*Task item:* Could you give the records below again exactly, without the pictures?

*Record excerpts:*

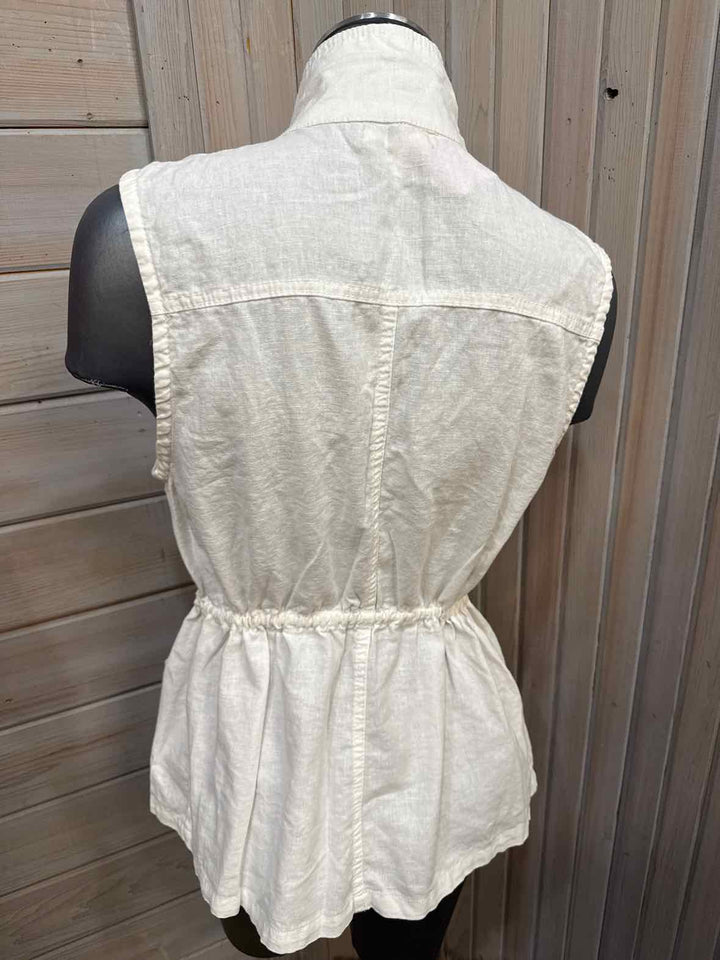 L - Maurices Vest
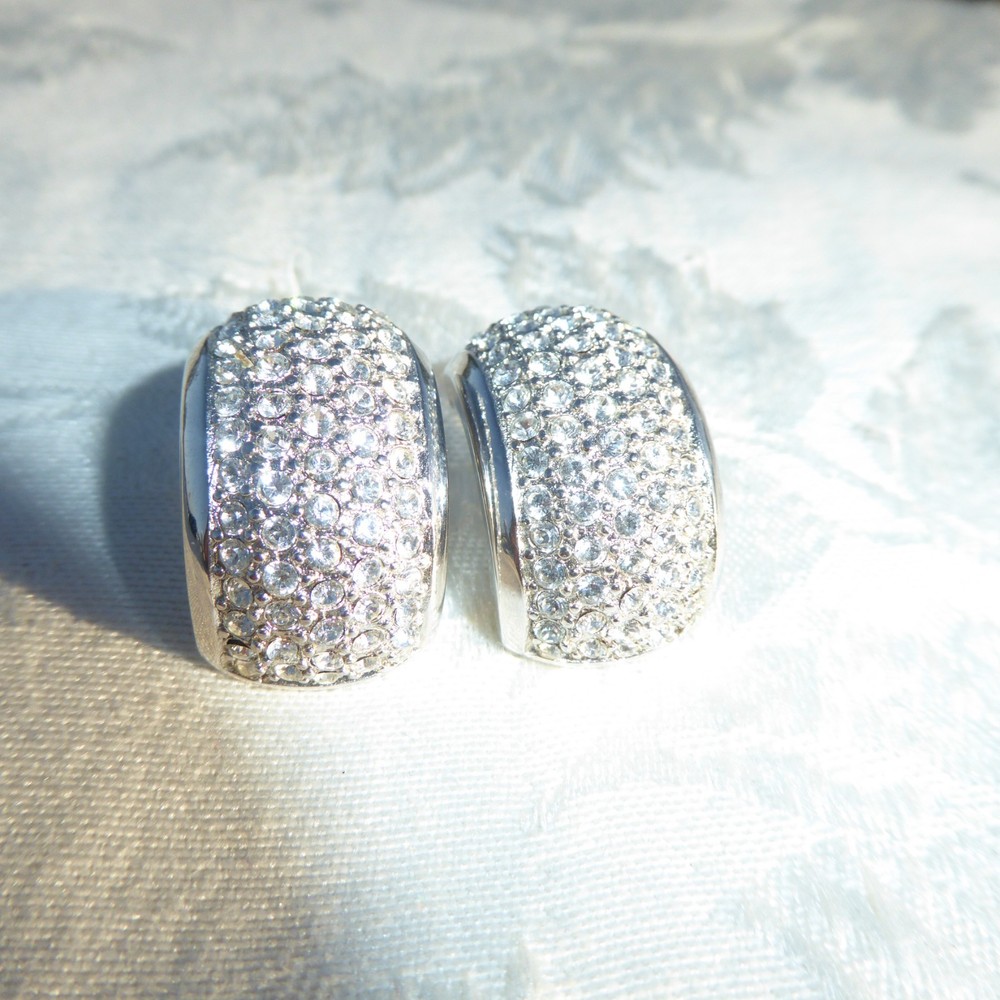 Beautifil Vintage Christian Dior Silver Tone Clear Rhinestone Half Dome Earrings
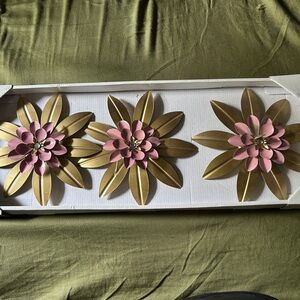 Set of 3 Pink and Gold Metal Flower Wall Décor
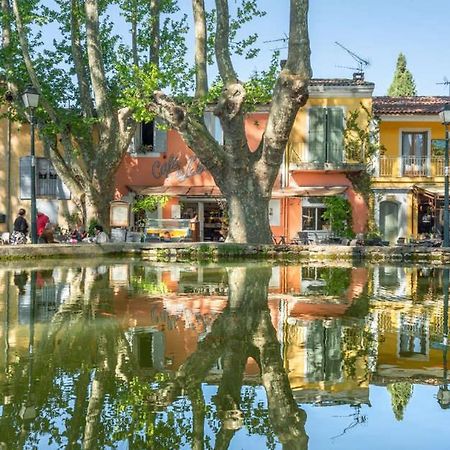 Appartement T2 Centre Village Cucuron Exterior foto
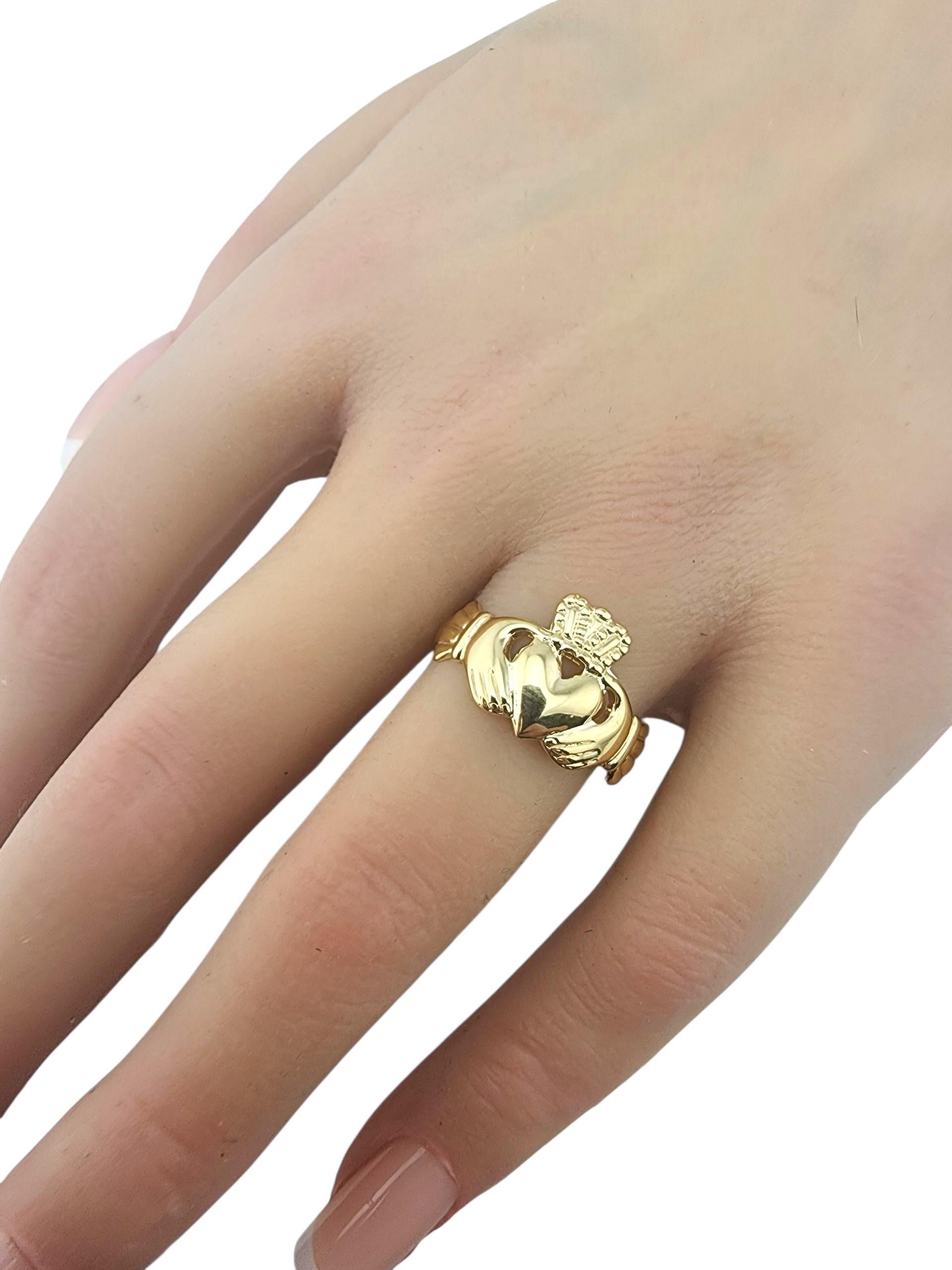 Bague Claddagh en or jaune 9 carats Taille 8.5 #23383 en vente 4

*Output of the exercise:*
 L - Maurices Vest
 Beautifil Vintage Christian Dior Silver Tone Clear Rhinestone Half Dome Earrings
 Set of 3 Pink and Gold Metal Flower Wall Décor
 Appartement T2 Centre Village Cucuron Exterior foto
 Bague Claddagh en or jaune 9 carats Taille 8.5 #23383 en vente 4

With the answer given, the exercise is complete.